Dorothy Sanders, 88, passed away January 19, 2021. Her ashes will be placed with those of Allen Sanders, her husband of 62 years, at Northaven United Methodist Church in Dallas. She was born December 2, 1932 in Springfield, Massachusetts to Harry and Jane Mould. Having received only an elementary school education themselves, they never knew quite what to make of their Ph.D. daughter. With a Master's degree from Harvard and a Ph.D. from Texas Woman's University, Dorothy spent many years in the education field, both in the classroom and as a consultant.

When not teaching she and Allen traveled the world, visiting every continent, including Antarctica. Together, they succeeded in a most ambitious quest - to cross the border of every county in every state of America! They drove many thousands of miles, criss-crossing the country using dozens of Rand McNally maps carefully planning each trip.

Dorothy moved to Fort Worth in 1983. It was on the stage of Fort Worth Community Theatre, where she was cast with Joan Anderson, that the two met and became friends and writing partners for 36 years. They enjoyed sharing their creative script writing adventures both on and off stage, winning play festivals in theaters across the United States.
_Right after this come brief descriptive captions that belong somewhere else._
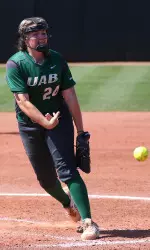 Junior Cara Goodwin is now tied for the third-most wins in a single season with her 17th victory of 2016.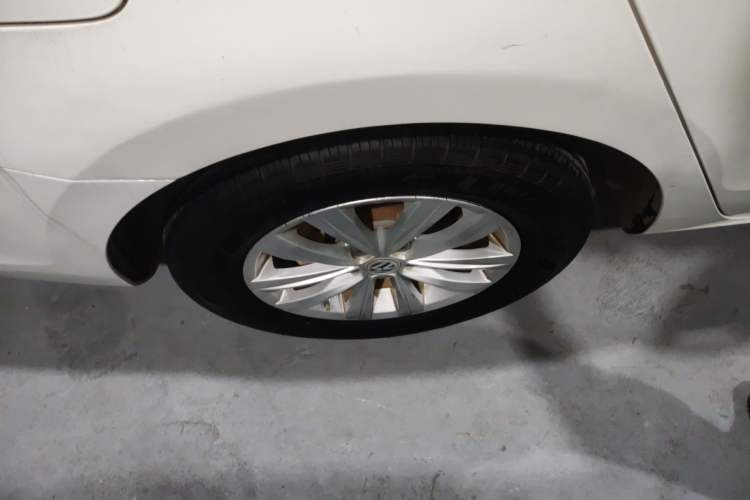 Used Volkswagen Bora 2016 1.6L Automatic Fashion Model
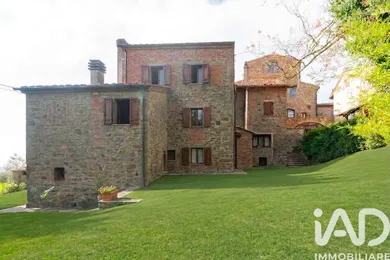 Casa/Villa in Trequanda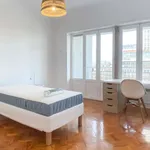 Rent a room in lisbon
In 2012 they won first place and performed on stage at the Texas Nonprofit Theater Festival in Tyler, Texas with their 10 minute comedy, Horsing Around Cowtown.

In 2004, the Live Theater League presented Dorothy with the Arts Advocate of the Year Award and in 2009, she was honored with the Elston Brooks Lifetime Achievement Award. She was associated with Circle Theater for many years as a dramaturg, reviewing thousands of scripts for Rose Pearson and performing in many shows, while serving on the board of directors. Dorothy could not remember any extended time in her long life since junior high school - where she learned to type - when she could not be found sitting at a keyboard writing or editing something.

Dorothy and DeeAnn Blair co-founded Artisan Center Theater in 2003. She’d worked with DeeAnn at another theater and had encouraged her to follow the dream she had of opening a family-friendly theater. Dorothy also encouraged DeeAnn’s husband, Rick Blair to get involved. He did and he’s had very little sleep since then.

Dorothy was in the very first production at Artisan as Ousier Beaudraux in Steel Magnolias (2003). She was Bernice Bower in 1-800-For-Advice (2003), Mrs. Savage in The Curious Savage (2005), Abby Brewster in Arsenic and Old Lace (2006), Daisy Werthan in Driving Miss Daisy (2008, 2017), Mattie in Walking Across Egypt (2009), and Grandma Kurnitz in Lost in Yonkers (2014).

When husband Allen passed away in December of 2016, Dorothy was in rehearsal for Driving Miss Daisy at Artisan Center Theater. Typical of her belief that “the show must go on”, she completed the final production and announced that she would not be returning to the stage. Dorothy sold their home in Fort Worth and spent the last years of her extraordinary life at Alexis Estates in Allen, Texas where she was fortunate to find an outlet for her piano-playing talent. She gained many new friends and a wonderful companion in Charles Robert Strong, who was a widower living in the same facility. She is survived by her daughter Julie Robinson (David) of McKinney, TX and son Christopher (Lisa) of Flower Mound, TX and two grandchildren, Josh Robinson (Sarah) of Dallas, TX and Natalie Parrish (Casey) of Houston, TX. Both of Dorothy’s grandchildren followed in their grandmother’s footsteps and are school teachers.